_Data extracts_:
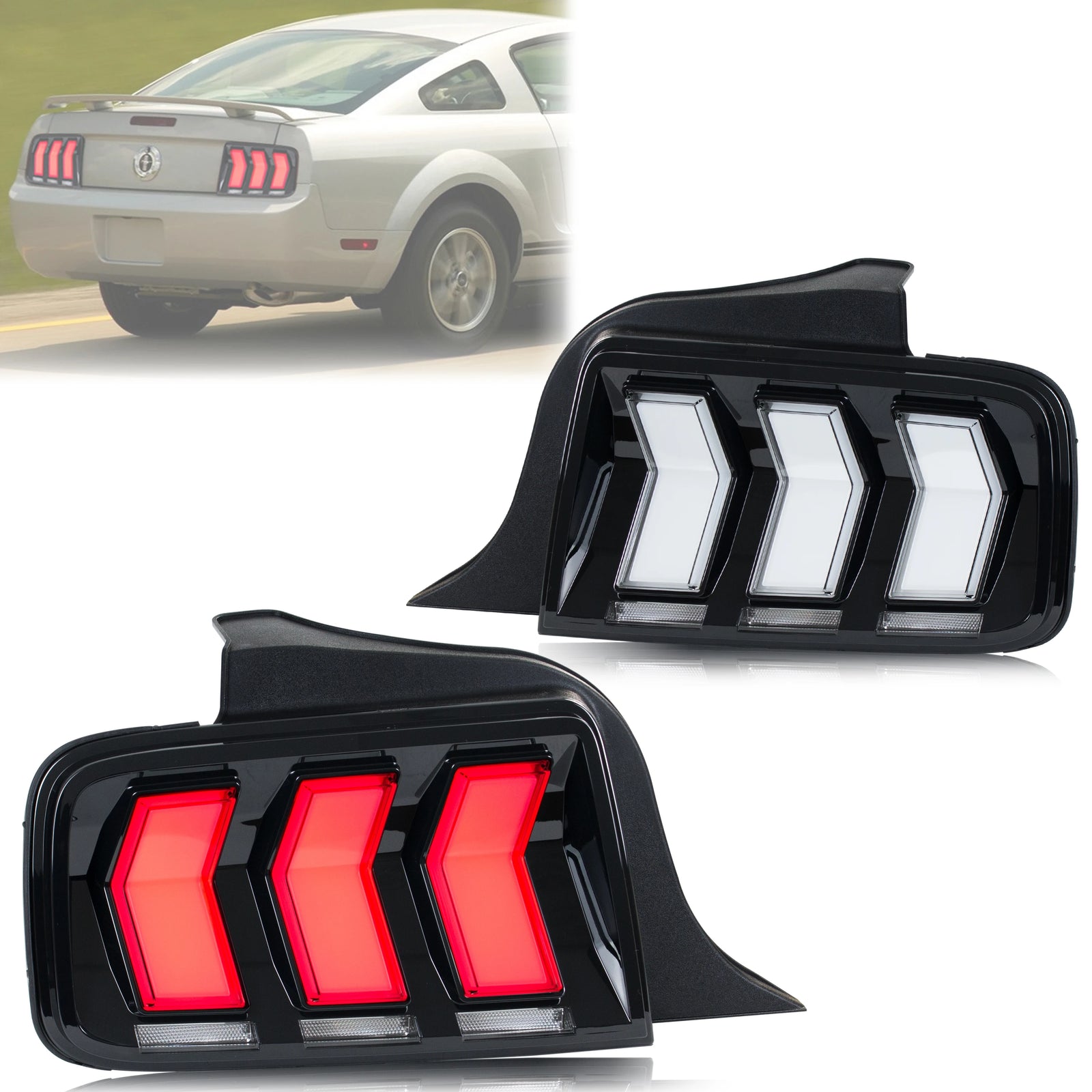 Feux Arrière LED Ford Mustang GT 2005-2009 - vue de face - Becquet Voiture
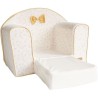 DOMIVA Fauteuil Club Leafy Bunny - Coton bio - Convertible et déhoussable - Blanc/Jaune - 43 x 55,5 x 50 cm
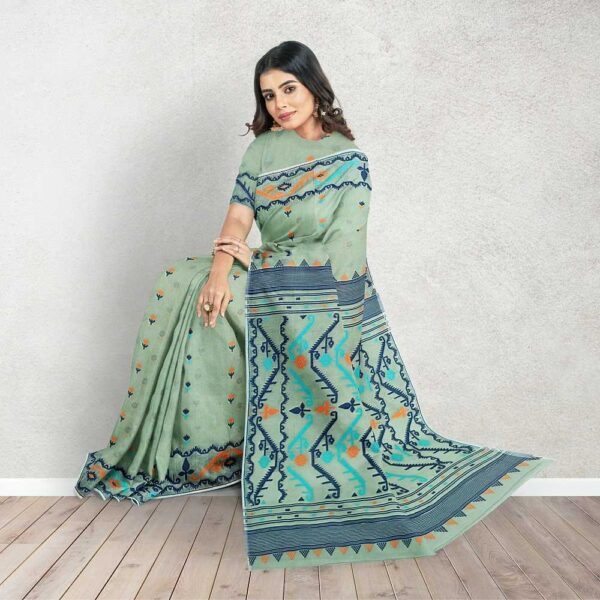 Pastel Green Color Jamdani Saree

==

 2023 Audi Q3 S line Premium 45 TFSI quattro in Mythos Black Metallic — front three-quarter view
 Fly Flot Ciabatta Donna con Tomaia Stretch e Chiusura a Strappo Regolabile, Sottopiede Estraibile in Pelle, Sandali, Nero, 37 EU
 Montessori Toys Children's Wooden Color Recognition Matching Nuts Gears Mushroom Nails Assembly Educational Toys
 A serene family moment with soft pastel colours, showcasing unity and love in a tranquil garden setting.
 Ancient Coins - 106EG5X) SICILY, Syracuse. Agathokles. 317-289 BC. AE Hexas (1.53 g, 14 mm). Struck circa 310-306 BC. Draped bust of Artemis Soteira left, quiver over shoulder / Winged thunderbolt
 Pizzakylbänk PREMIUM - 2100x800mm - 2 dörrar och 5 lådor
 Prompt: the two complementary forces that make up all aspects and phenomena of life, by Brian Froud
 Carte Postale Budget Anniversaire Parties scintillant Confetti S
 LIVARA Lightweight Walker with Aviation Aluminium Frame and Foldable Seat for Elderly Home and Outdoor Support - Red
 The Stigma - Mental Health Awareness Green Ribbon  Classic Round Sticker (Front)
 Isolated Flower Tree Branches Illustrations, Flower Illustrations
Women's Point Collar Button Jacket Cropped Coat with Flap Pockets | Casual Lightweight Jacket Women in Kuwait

_What the task requires_: From the listing above, the lines starting with the one that has "2023 Audi Q3" and running through the one that has "Women's Point Collar" should be copied exactly, ends included.

_Written solution_:
 2023 Audi Q3 S line Premium 45 TFSI quattro in Mythos Black Metallic — front three-quarter view
 Fly Flot Ciabatta Donna con Tomaia Stretch e Chiusura a Strappo Regolabile, Sottopiede Estraibile in Pelle, Sandali, Nero, 37 EU
 Montessori Toys Children's Wooden Color Recognition Matching Nuts Gears Mushroom Nails Assembly Educational Toys
 A serene family moment with soft pastel colours, showcasing unity and love in a tranquil garden setting.
 Ancient Coins - 106EG5X) SICILY, Syracuse. Agathokles. 317-289 BC. AE Hexas (1.53 g, 14 mm). Struck circa 310-306 BC. Draped bust of Artemis Soteira left, quiver over shoulder / Winged thunderbolt
 Pizzakylbänk PREMIUM - 2100x800mm - 2 dörrar och 5 lådor
 Prompt: the two complementary forces that make up all aspects and phenomena of life, by Brian Froud
 Carte Postale Budget Anniversaire Parties scintillant Confetti S
 LIVARA Lightweight Walker with Aviation Aluminium Frame and Foldable Seat for Elderly Home and Outdoor Support - Red
 The Stigma - Mental Health Awareness Green Ribbon  Classic Round Sticker (Front)
 Isolated Flower Tree Branches Illustrations, Flower Illustrations
Women's Point Collar Button Jacket Cropped Coat with Flap Pockets | Casual Lightweight Jacket Women in Kuwait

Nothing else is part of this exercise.